The program was formerly called the National School Chaplaincy Programme, and was set up in 2006 by the Howard government. From 2014 to 2023, there was no option for a non religious counsellor, with all chaplains requiring to be "ordained, commissioned or endorsed by a recognised religious institution".

In 2023, schools regained the ability to use a non religious counsellor, and the name of the program was changed to the National Student Wellbeing Program.

The grants are $20,280 a year for schools and $24,336 for schools in remote areas.

==History==
In October 2006, the Howard government established NSCP, at an expected cost of $90 million, to provide $20,000 grants for schools to employ chaplains. In Australia, chaplains in state schools have, controversially, been funded by the federal government since 2007, as well as local communities. Chaplaincy services are provided by religious service companies which are predominantly Christian, though non-denominational within Christianity, including Scripture Union Queensland, Genr8 Ministries in NSW and Access Ministries. As of 2008, there were 2,850 chaplains employed under NSCP.

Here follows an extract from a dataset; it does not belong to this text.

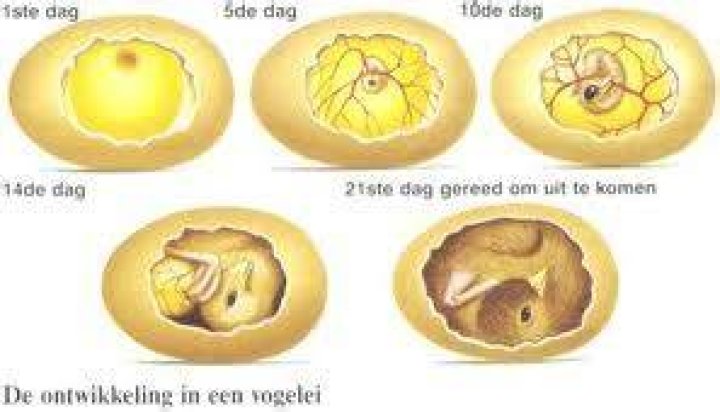 Hoe Lang Kippenei Uitbroeden?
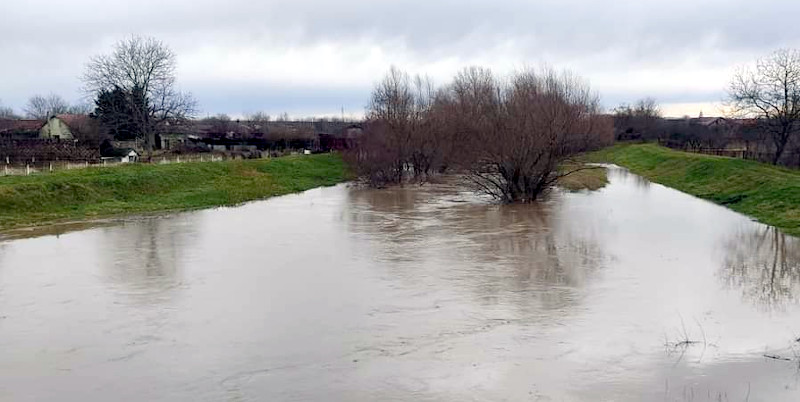 Barzava mare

On 7 September 2011, Peter Garrett, Education Minister in the Gillard government, announced a number of changes in NSCP. New chaplains were to be required to have a "Certificate IV in Youth Work, Pastoral Care or an equivalent qualification", while previously no formal qualifications were required. The changes also offered schools the option to employ, instead of "a religious support worker" (chaplain), a "secular student well-being officer", following concerns over the appropriateness of having a religious worker in a public school. Previously schools were only able to hire a secular welfare worker under the programme if they could demonstrate that their efforts to find an ordained chaplain had failed. On 27 September 2013 there were 2,339 chaplains and 512 student welfare workers employed under NSCP.

In May 2014, the Abbott government removed the provision to fund secular student well-being officers, meaning all chaplains had to be affiliated with a religion. In the 2014 federal budget, the government increased the funds for NSCP to $243.8 million over a four-year period. Following the invalidation of NSCP by the High Court in June 2014, the Government redesigned NSCP, with funding now being delivered via states and territories rather than directly to schools. The new NSCP did not involve any other changes to policy. Agreements for the new NSCP were reached with all state and territory governments by 17 November 2014.

Following the 2022 Australian federal election, the new Albanese government commissioned a report on the program, following its decision to open up the program to non religious counsellors. Schools once again gained the ability to use a non religious counsellor in 2023, following the release of the report, and the name of the program was changed to the National Student Wellbeing Program. The report noted the community generally supported the work of the chaplains in schools, but that the religious aspect of the program was contentious, recommending the name change and ability to hire secular counsellors. The new program is to run from 2023 to 2027.

==High Court challenges==

===2012 High Court challenge===

In the High Court case of Williams v The Commonwealth of Australia & Ors [2012] HCA 23 (also known as the "School chaplains case") the executive prerogative and spending under section 61 of the Australian Constitution was challenged. The Court handed down its ruling in June 2012, that the Commonwealth's funding agreement for NSCP was invalid.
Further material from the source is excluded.